→ **TRY IT**: Write the records out again without change. Leave the pictures behind.

-*-*-

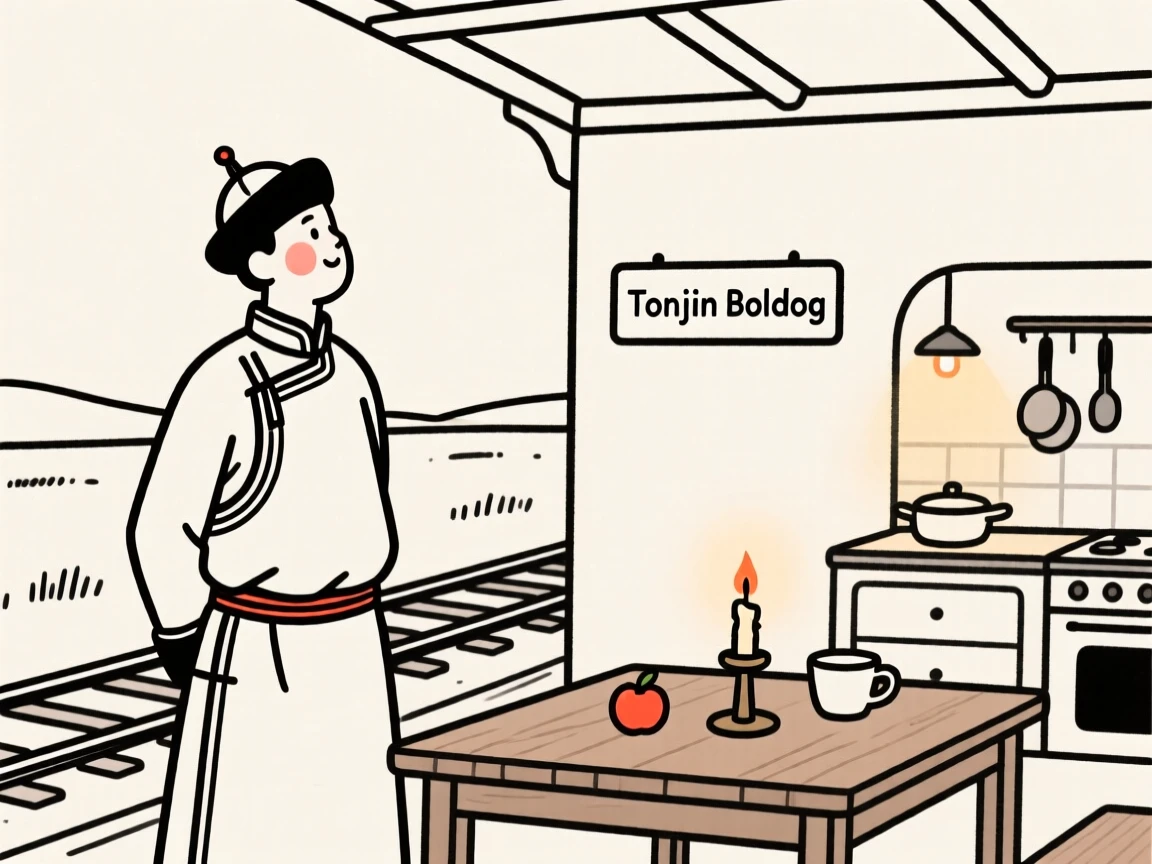 A train of mongolian heritage conductor at a rural station, looking hopeful toward the horizon, in a cozy candlelit kitchen.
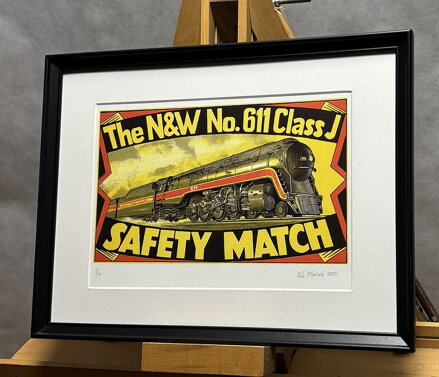 SAFETY MATCH PARNÍ LOKOMOTIVA NORFOLK & WESTERN CLASS J Č. 611 - PTÁČEK PETR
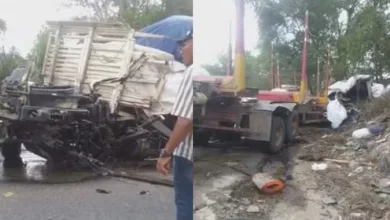 Batida entre caminhão e carreta deixa dois mortos e um ferido na BR-101. Foto: Reprodução/TV Santa Cruz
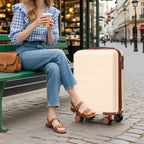 2PC ABS Spinner Luggage Set Beige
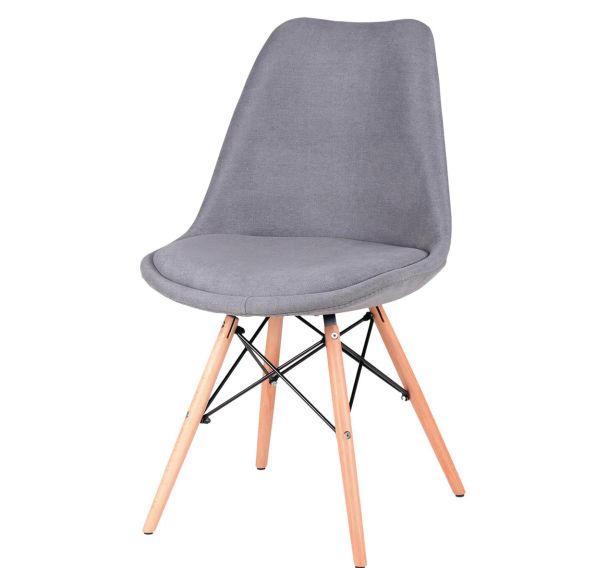 Lot de 4 chaises Lindy pied bois naturel tissu Gris clair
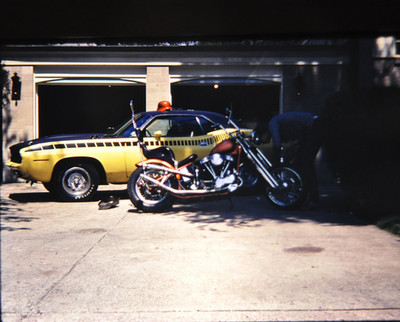 3- 1971 Kodak Kodachrome slides of choppers and a Challenger.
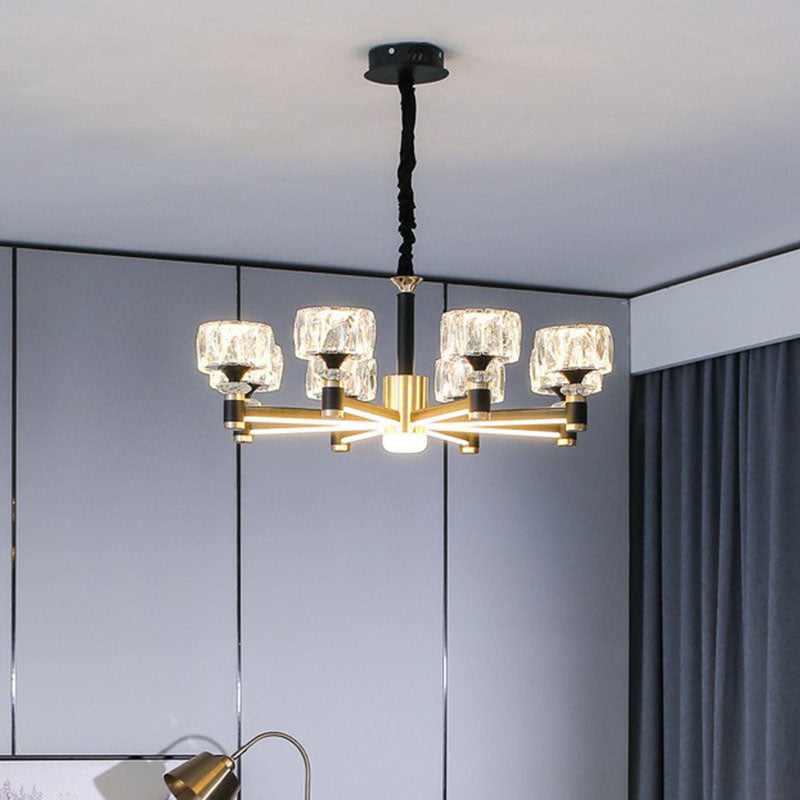 Drum Shaped Hanging Light Fixture Modern Beveled Crystal Living Room Chandelier in Black Clearhalo 'Ceiling Lights' 'Chandeliers' 'Modern Chandeliers' 'Modern' Lighting' 2255214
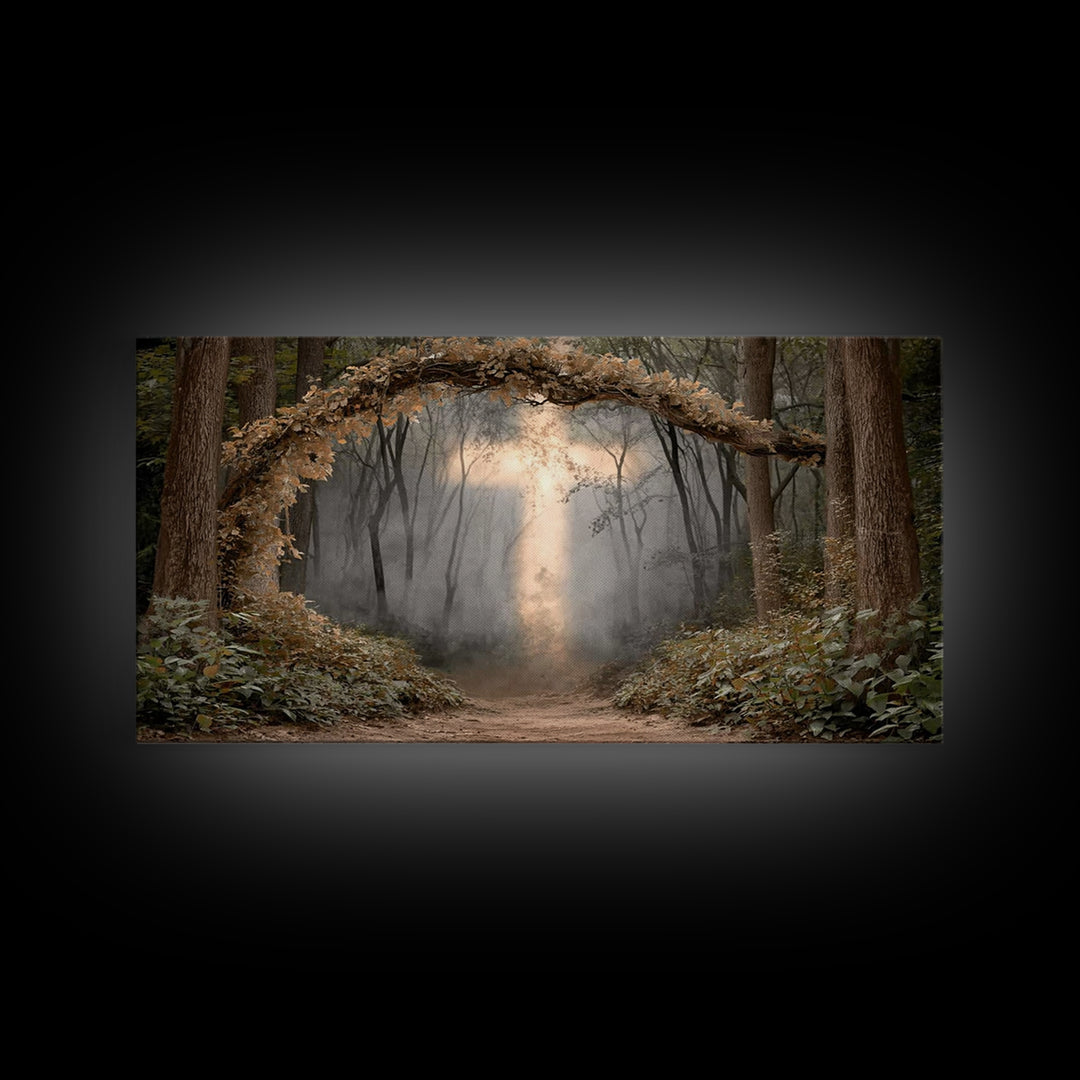 Forest Cross Glow – Framed Canvas Print – Christian Art Canvas – Christian Art – Christian Wall Art – Christian Decor – Christian Gift Idea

-*-*-

→ **OUTPUT OF THE EXERCISE**:
 A train of mongolian heritage conductor at a rural station, looking hopeful toward the horizon, in a cozy candlelit kitchen.
 SAFETY MATCH PARNÍ LOKOMOTIVA NORFOLK & WESTERN CLASS J Č. 611 - PTÁČEK PETR
 Batida entre caminhão e carreta deixa dois mortos e um ferido na BR-101. Foto: Reprodução/TV Santa Cruz
 2PC ABS Spinner Luggage Set Beige
 Lot de 4 chaises Lindy pied bois naturel tissu Gris clair
 3- 1971 Kodak Kodachrome slides of choppers and a Challenger.
 Drum Shaped Hanging Light Fixture Modern Beveled Crystal Living Room Chandelier in Black Clearhalo 'Ceiling Lights' 'Chandeliers' 'Modern Chandeliers' 'Modern' Lighting' 2255214
 Forest Cross Glow – Framed Canvas Print – Christian Art Canvas – Christian Art – Christian Wall Art – Christian Decor – Christian Gift Idea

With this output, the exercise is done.